▶ [The task]
Below is a listing; print exactly its lines from the one containing "新澳门今晚平特一肖,专业分析解释定义_特供款5.268" down to the one containing "dinador) se encarga", both inclusive, with every picture left out.

▶ [Information provided]
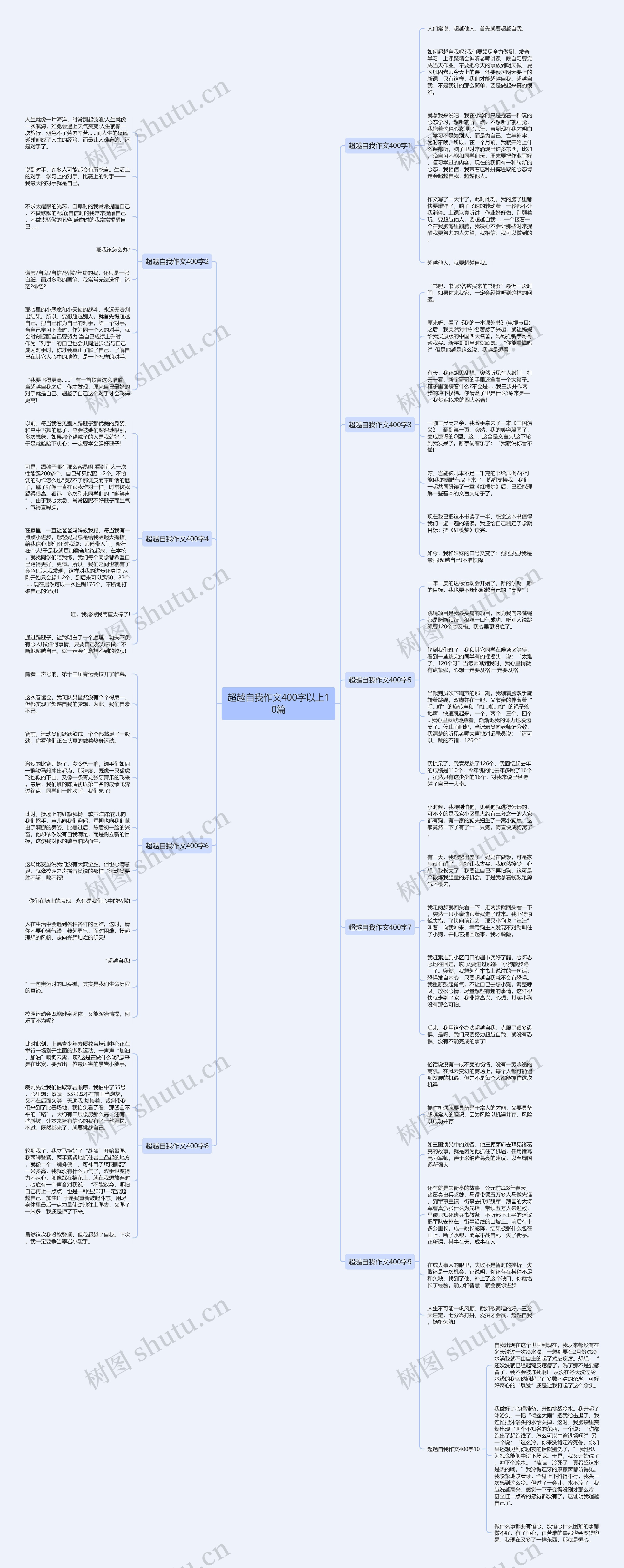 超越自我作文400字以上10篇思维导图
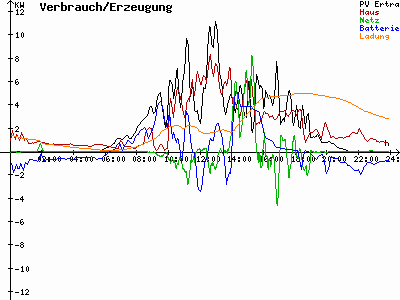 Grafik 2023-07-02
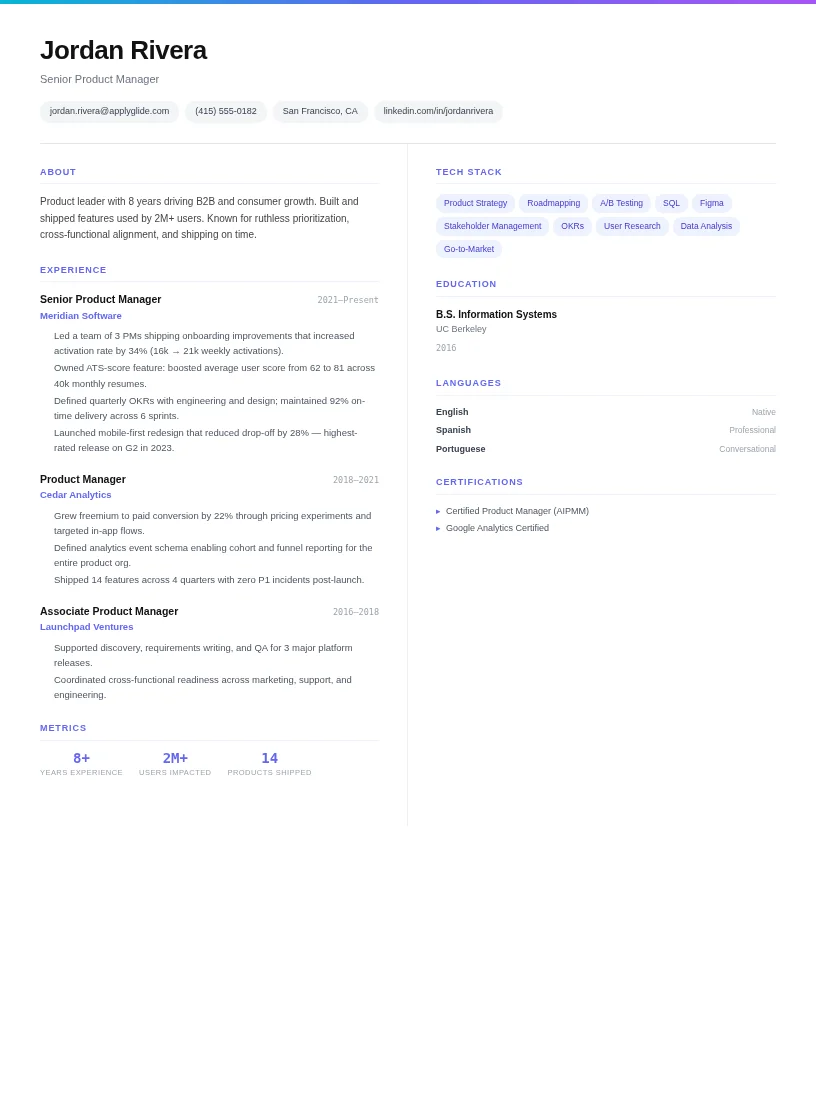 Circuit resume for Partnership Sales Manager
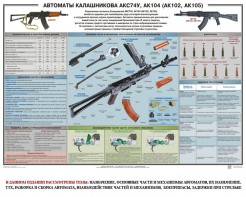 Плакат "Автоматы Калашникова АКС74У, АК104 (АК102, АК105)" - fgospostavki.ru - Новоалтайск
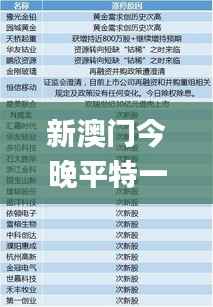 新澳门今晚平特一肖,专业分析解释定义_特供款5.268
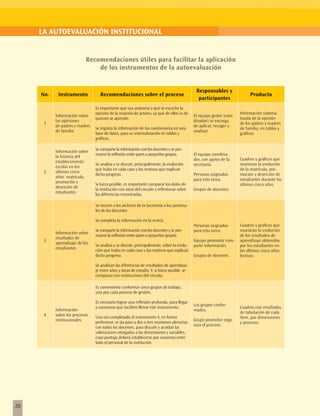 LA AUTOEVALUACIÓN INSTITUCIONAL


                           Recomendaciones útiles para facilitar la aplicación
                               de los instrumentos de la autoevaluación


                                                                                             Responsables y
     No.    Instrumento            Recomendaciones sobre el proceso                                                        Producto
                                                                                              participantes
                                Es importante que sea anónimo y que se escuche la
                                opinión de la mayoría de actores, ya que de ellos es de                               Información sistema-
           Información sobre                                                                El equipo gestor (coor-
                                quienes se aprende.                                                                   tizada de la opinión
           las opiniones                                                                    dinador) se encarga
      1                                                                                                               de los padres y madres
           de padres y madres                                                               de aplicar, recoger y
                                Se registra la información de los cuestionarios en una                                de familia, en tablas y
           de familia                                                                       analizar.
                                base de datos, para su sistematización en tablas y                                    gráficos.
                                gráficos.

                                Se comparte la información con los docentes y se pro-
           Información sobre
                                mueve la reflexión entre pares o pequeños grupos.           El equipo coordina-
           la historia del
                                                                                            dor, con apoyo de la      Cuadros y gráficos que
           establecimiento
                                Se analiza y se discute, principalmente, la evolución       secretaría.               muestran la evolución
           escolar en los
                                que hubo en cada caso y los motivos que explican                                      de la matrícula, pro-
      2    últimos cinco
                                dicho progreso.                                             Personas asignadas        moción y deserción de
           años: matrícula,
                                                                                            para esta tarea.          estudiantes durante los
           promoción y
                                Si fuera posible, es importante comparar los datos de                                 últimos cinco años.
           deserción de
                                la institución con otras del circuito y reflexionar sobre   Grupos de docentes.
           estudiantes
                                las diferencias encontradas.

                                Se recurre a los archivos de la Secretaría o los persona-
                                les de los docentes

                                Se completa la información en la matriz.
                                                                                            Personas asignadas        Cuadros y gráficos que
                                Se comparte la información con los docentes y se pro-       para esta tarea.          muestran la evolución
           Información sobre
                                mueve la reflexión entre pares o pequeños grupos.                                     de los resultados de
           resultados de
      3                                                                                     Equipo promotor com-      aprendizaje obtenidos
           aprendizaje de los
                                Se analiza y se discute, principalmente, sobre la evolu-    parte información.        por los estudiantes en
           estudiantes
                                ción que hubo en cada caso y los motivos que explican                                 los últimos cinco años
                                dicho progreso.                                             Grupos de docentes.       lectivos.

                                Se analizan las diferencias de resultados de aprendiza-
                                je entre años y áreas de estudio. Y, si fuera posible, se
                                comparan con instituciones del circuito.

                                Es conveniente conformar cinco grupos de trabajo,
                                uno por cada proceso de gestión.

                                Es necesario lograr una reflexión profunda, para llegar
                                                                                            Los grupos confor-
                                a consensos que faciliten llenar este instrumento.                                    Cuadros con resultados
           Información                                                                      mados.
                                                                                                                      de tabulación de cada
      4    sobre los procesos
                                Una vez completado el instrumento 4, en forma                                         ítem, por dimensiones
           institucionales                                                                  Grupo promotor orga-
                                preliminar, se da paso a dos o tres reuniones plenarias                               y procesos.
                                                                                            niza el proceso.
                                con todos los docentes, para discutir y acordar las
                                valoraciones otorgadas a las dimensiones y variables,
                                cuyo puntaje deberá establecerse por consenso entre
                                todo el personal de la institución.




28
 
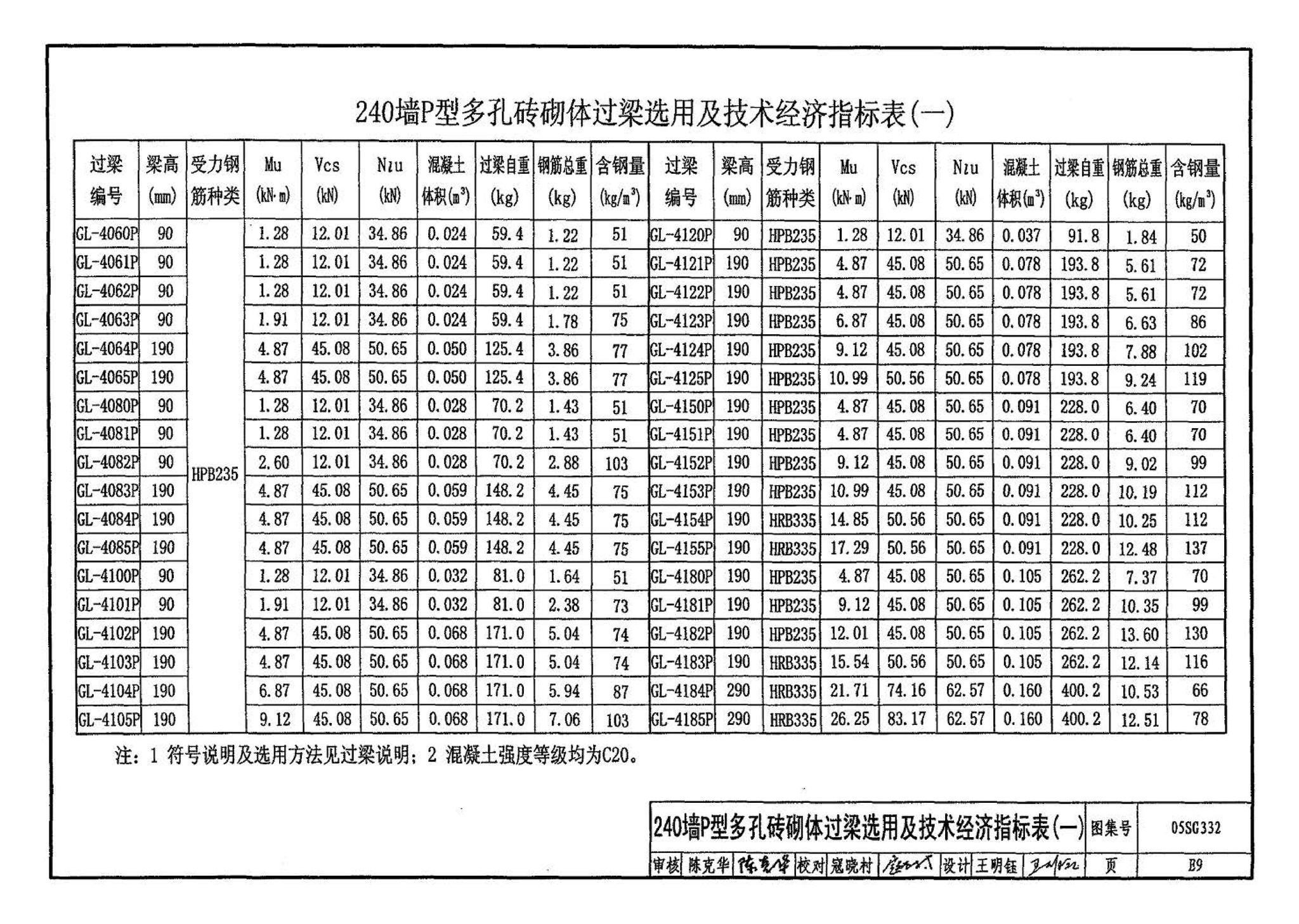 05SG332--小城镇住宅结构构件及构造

▶ [Answer section]
 新澳门今晚平特一肖,专业分析解释定义_特供款5.268
 LA AUTOEVALUACIÓN INSTITUCIONAL


                           Recomendaciones útiles para facilitar la aplicación
                               de los instrumentos de la autoevaluación


                                                                                             Responsables y
     No.    Instrumento            Recomendaciones sobre el proceso                                                        Producto
                                                                                              participantes
                                Es importante que sea anónimo y que se escuche la
                                opinión de la mayoría de actores, ya que de ellos es de                               Información sistema-
           Información sobre                                                                El equipo gestor (coor-
                                quienes se aprende.                                                                   tizada de la opinión
           las opiniones                                                                    dinador) se encarga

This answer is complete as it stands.